(Beginning of Input records)

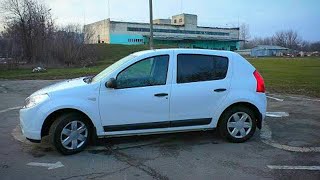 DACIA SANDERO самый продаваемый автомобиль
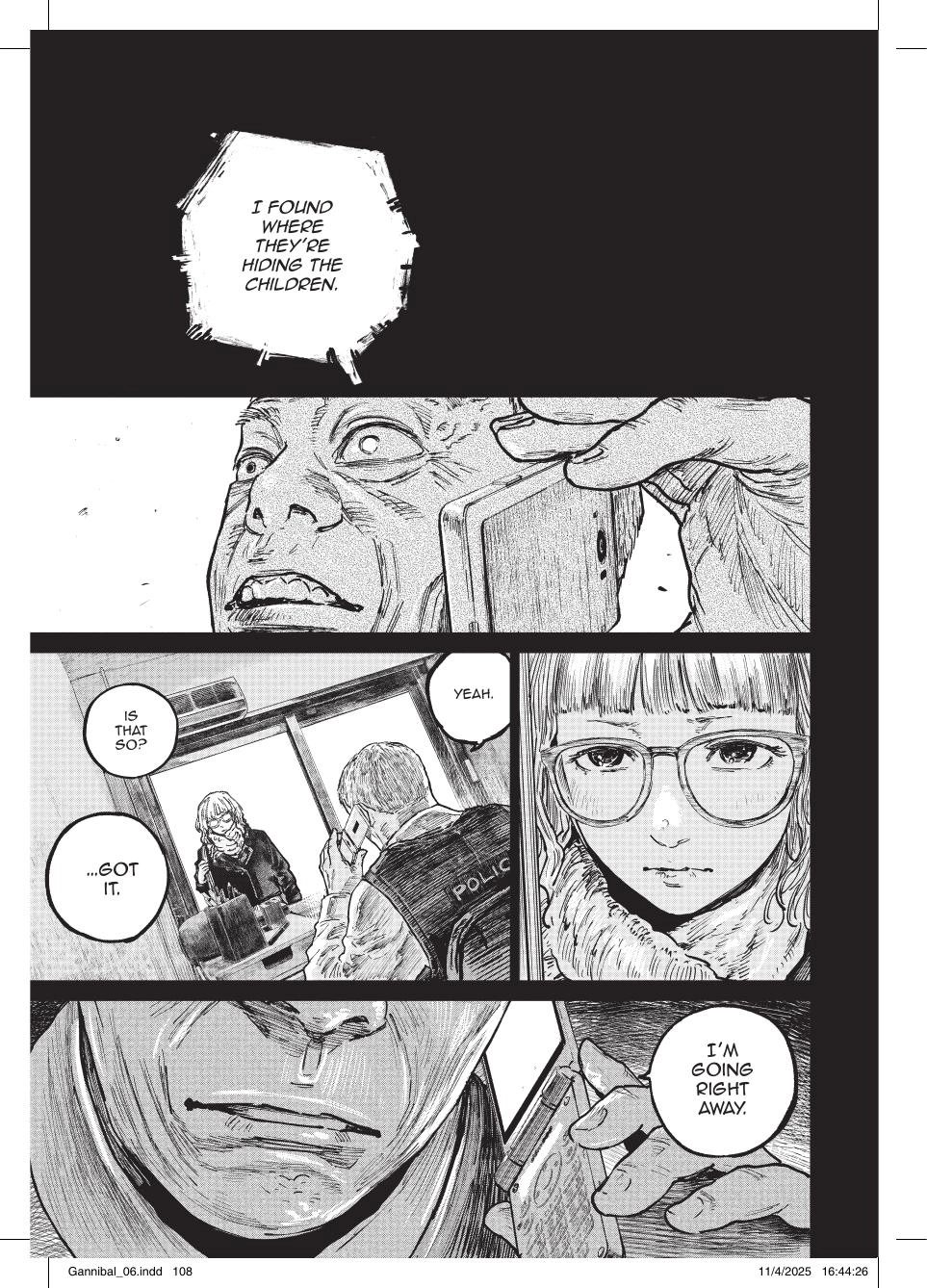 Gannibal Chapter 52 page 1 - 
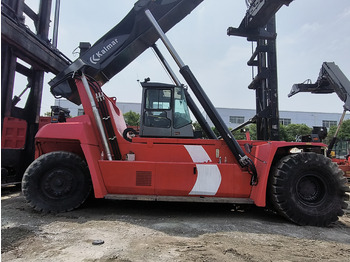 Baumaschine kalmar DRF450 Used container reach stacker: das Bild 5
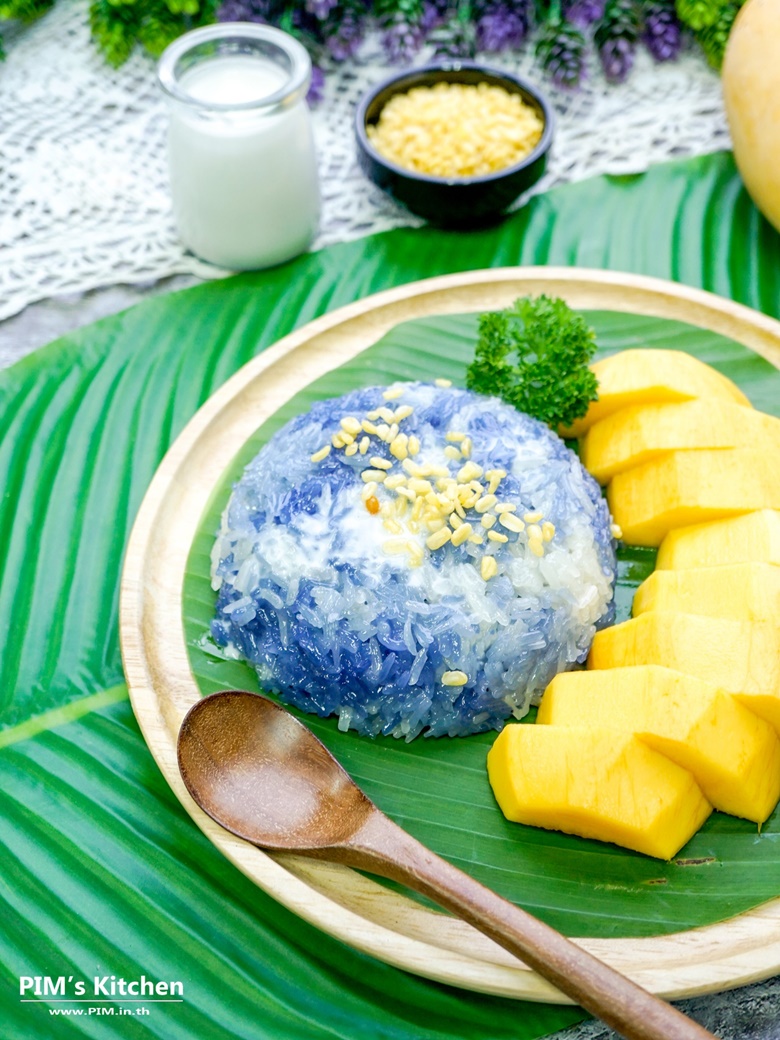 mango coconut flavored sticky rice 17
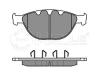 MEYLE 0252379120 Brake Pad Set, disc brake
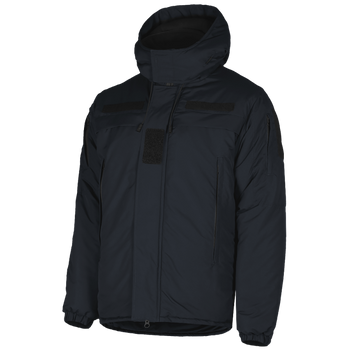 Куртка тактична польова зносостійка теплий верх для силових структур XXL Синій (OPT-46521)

(End of Input records)
(Beginning of Input records)

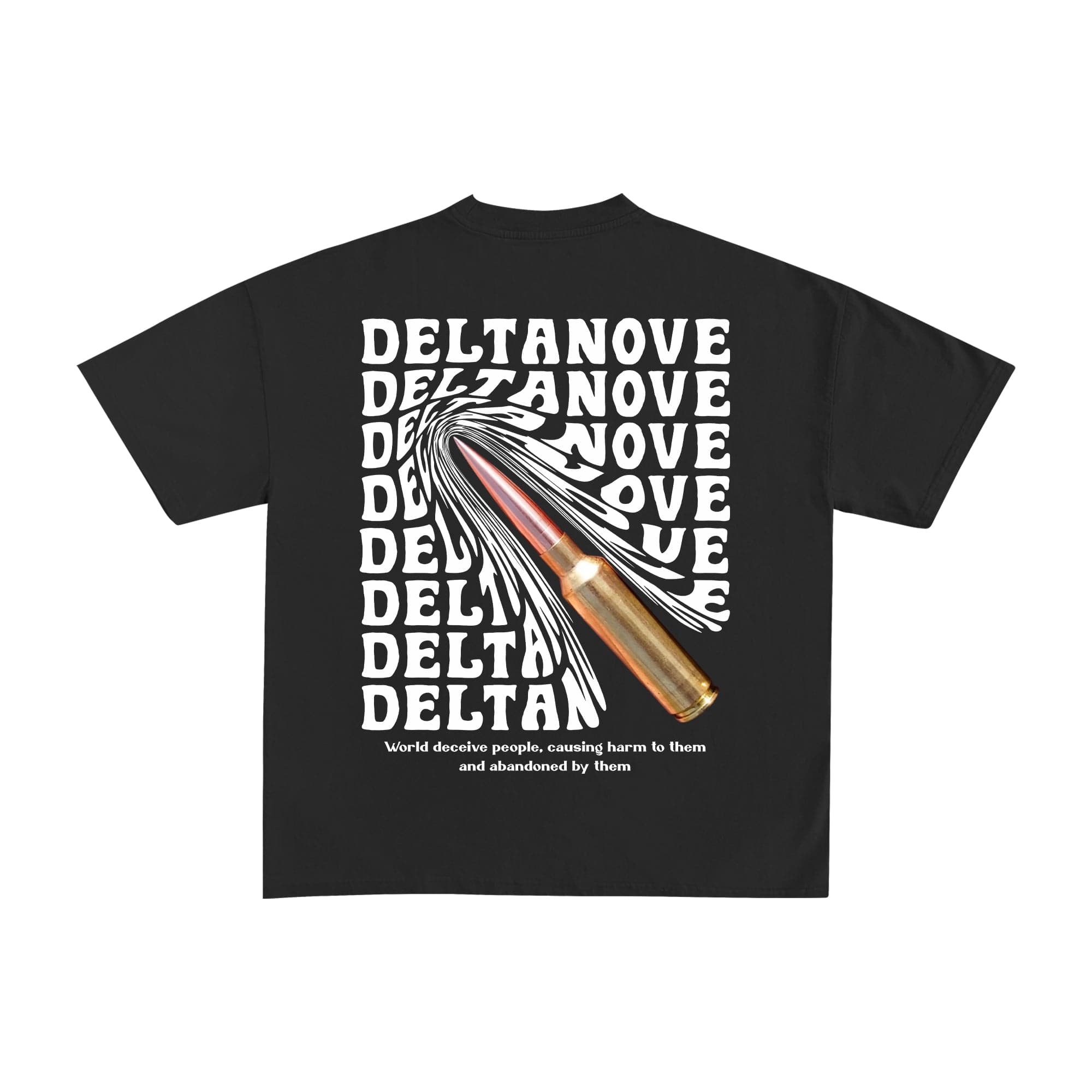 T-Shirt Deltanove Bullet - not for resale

(End of Input records)
(Beginning of Input records)

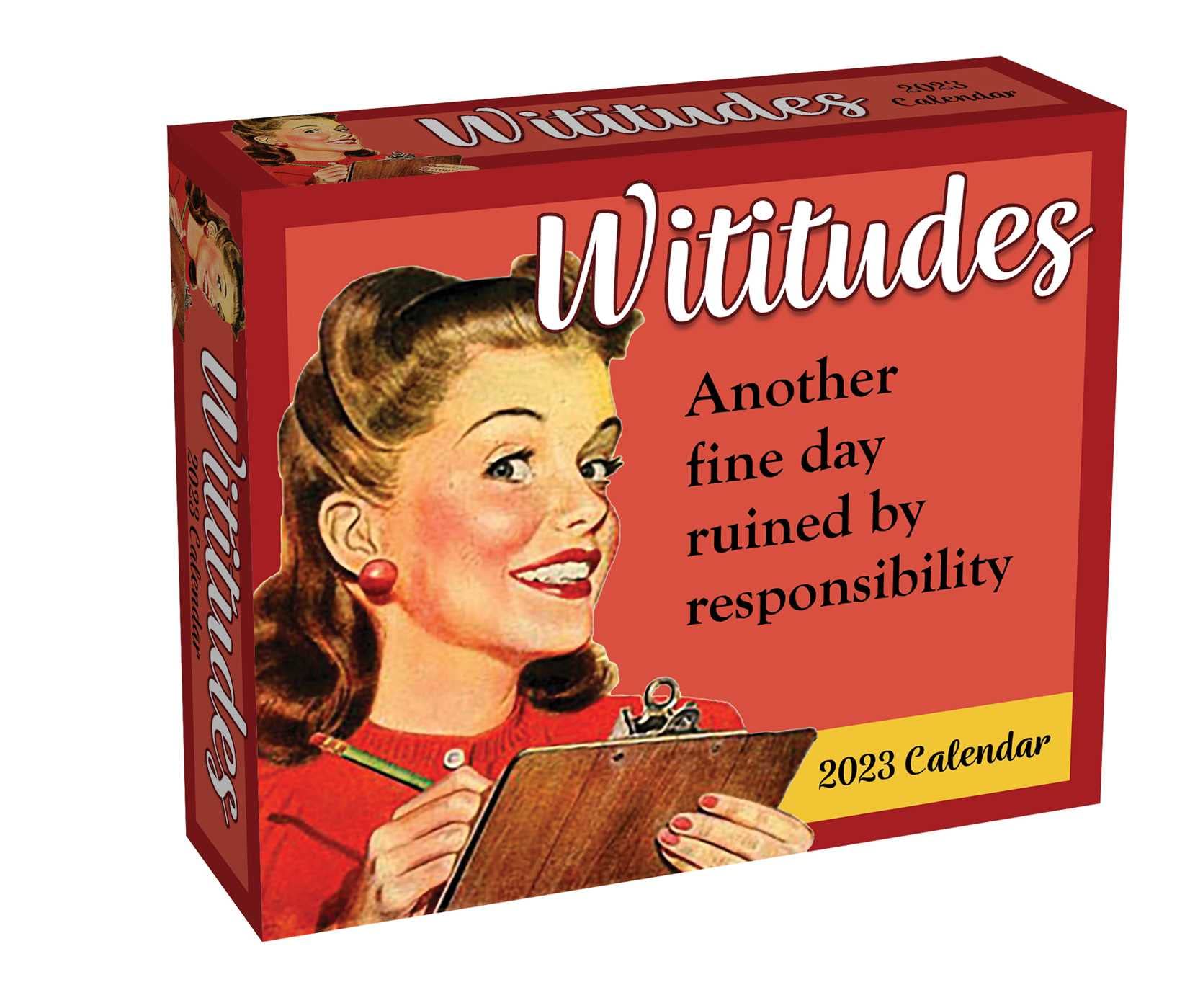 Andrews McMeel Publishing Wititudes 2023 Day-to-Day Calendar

(End of Input records)

Activity |
Having found the line with "DACIA SANDERO самый продаваемый автомобиль" and the line with "Куртка тактична польова" in the material above, write out exactly those two and every line between, leaving the pictures out.

Task solution |
 DACIA SANDERO самый продаваемый автомобиль
 Gannibal Chapter 52 page 1 - 
 Baumaschine kalmar DRF450 Used container reach stacker: das Bild 5
 mango coconut flavored sticky rice 17
 MEYLE 0252379120 Brake Pad Set, disc brake
 Куртка тактична польова зносостійка теплий верх для силових структур XXL Синій (OPT-46521)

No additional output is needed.